Acometo Del franelero popular, una lógica sin intimidad con otra zona de juicio con moralina; detrás de toda gran frase se esconde una mejor… ¿Escuchaste, lector, el segundo en el cual RR, agotado su gárrulo contra nosotros tal un sacerdote “cachador”, te sacude con guasa y despección su mundo contaminado de sensorialidad? Te saca del dogma al que te apegas con resonancias pasadas, porque este poeta ancla sus significancias en el pasado del descontento. Para materializar la resignificación, la mejora quirúrgica de frases que se sospechan ya inútiles, ya minusválidas. Sólo donde el universal ha dejado de ser folklore, Rolando las reescribe las más de las veces unívocamente; otras, inmejorables.

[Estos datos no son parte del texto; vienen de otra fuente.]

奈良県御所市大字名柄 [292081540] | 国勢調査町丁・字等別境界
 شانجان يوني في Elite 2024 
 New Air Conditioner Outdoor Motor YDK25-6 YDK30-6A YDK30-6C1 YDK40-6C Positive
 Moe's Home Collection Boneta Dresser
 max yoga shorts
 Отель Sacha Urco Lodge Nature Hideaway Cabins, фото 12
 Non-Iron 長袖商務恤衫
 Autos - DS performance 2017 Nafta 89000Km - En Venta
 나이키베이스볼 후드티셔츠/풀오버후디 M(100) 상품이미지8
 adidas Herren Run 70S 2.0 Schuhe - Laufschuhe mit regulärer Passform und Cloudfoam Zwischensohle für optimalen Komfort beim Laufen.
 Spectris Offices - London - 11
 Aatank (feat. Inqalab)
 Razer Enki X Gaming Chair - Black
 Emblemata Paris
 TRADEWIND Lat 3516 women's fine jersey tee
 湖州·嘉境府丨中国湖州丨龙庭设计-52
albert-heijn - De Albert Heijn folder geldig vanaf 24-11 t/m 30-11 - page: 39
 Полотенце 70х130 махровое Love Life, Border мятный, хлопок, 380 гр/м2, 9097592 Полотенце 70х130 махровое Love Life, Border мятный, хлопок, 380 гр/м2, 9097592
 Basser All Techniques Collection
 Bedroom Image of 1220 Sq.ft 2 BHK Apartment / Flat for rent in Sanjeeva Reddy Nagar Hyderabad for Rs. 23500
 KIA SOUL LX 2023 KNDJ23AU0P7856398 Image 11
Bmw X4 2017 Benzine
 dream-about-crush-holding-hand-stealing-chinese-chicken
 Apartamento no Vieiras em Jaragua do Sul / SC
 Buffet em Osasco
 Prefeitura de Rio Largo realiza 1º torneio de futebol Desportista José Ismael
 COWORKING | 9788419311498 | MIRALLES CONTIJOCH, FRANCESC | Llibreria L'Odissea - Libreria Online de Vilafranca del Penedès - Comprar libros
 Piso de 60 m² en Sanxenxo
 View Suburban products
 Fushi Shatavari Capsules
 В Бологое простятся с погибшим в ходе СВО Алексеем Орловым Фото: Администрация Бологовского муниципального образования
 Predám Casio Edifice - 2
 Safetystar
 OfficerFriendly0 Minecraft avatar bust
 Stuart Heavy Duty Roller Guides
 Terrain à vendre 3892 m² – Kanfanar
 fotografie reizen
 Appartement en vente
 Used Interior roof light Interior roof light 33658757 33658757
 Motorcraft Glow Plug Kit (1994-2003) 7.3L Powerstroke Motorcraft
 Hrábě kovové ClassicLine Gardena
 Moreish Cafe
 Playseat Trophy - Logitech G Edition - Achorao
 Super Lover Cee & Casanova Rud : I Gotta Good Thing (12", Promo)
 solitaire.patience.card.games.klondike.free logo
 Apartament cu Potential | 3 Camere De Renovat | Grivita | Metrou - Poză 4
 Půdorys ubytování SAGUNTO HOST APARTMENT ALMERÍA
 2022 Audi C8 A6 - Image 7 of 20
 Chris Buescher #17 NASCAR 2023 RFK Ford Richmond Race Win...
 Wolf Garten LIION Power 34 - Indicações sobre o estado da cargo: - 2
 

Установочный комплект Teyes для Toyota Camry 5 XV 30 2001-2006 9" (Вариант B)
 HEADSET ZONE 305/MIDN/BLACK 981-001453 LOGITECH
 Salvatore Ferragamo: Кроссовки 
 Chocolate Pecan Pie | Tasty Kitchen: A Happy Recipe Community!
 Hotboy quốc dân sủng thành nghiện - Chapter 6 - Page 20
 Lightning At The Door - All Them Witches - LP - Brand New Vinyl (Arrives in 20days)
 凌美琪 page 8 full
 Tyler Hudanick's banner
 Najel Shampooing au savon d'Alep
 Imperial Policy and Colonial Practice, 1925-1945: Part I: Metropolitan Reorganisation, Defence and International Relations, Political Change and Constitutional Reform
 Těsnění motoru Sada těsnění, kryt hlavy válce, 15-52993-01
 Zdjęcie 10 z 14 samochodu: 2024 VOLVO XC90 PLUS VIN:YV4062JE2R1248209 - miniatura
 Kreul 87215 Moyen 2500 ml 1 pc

[…]Este franelero popular es prueba del empirismo como escepticismo. En Versos hasta acá y en Del franelero popular, se hace masivo uso del epigrama, un epigrama acriollado, adulterado por puntuaciones problemáticas que exaltan y a la vez arman con rigor el error, llegando a tropezar con delicadezas de efecto y de lectura que considero antológicas. 
En los verdaderos refranes, que son ahora los que ha escrito Rolando, conmueve el destino de la pregunta.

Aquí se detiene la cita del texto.